Subject: | workaround bug in HTML::TreeBuilder::XPath |
As reported here: https://rt.cpan.org/Public/Bug/Display.html?id=81722
HTML::TreeBuilder lowercases the attribute names in the resulting HTML
tree, but HTML::TreeBuilder::XPath doesn't bother to lowercase the
attribute names in the selector, so if the user tries to select based
upon the original-cased version of the attribute name, and it was
anything other than all-lowercase, the match would fail.

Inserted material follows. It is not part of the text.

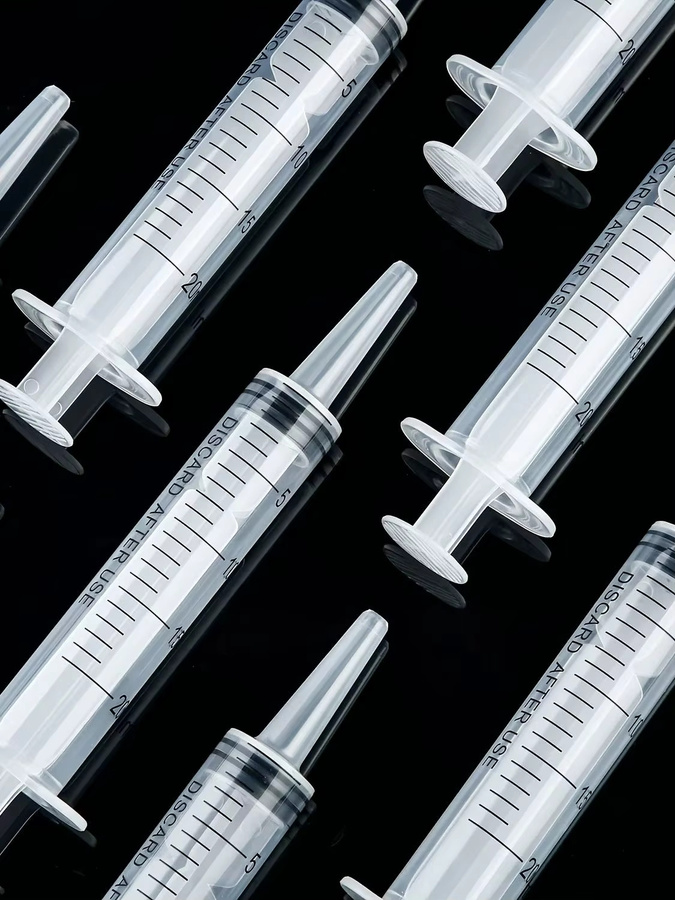 Flüssigkeitsmessspritze aus transparentem Kunststoff mit 20 ml Volumen für Harz, Bastelarbeiten, Labore oder Tierfütterung - Bild 4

The author of HTML::TreeBuilder::XPath apparently doesn't think this is
a bug, as he thinks it will suffice to document this in
HTML::TreeBuilder, which isn't going to help somebody using a
higher-level module, like Web::Scraper.
Here is a test case demonstrating the issue in HTML::TreeBuilder::XPath:
https://rt.cpan.org/Ticket/Attachment/1149252/604410/d.pl
This can be worked around in HTML::Selector::XPath with the attached patch.
Subject: | lcattr.diff |
diff -Naur lib/HTML/Selector/XPath.pm /tmp/lib/HTML/Selector/XPath.pm
--- lib/HTML/Selector/XPath.pm 2012-10-01 17:18:02.000000000 +0000
+++ /tmp/lib/HTML/Selector/XPath.pm 2012-12-06 06:36:07.000000000 +0000
@@ -50,6 +50,8 @@
sub convert_attribute_match {
my ($left,$op,$right) = @_;
+ $left = lc $left;
+
# negation (e.g. [input!="text"]) isn't implemented in CSS, but include it anyway:
if ($op eq '!=') {
"\@$left!='$right'";
@@ -166,7 +168,7 @@
push @parts, '*';
$tag_index = $#parts;
};
- push @parts, "[\@$1]";
+ push @parts, "[\@\L$1]";
} elsif ($rule =~ $reg->{badattr}) {
Carp::croak "Invalid attribute-value selector '$rule'";
}
@@ -177,7 +179,7 @@
if ($sub_rule =~ s/$reg->{attr2}//) {
push @parts, "[not(", convert_attribute_match( $1, $2, $^N ), ")]";
} elsif ($sub_rule =~ s/$reg->{attr1}//) {
- push @parts, "[not(\@$1)]";
+ push @parts, "[not(\@\L$1)]";
} elsif ($rule =~ $reg->{badattr}) {
Carp::croak "Invalid attribute-value selector '$rule'";
} else {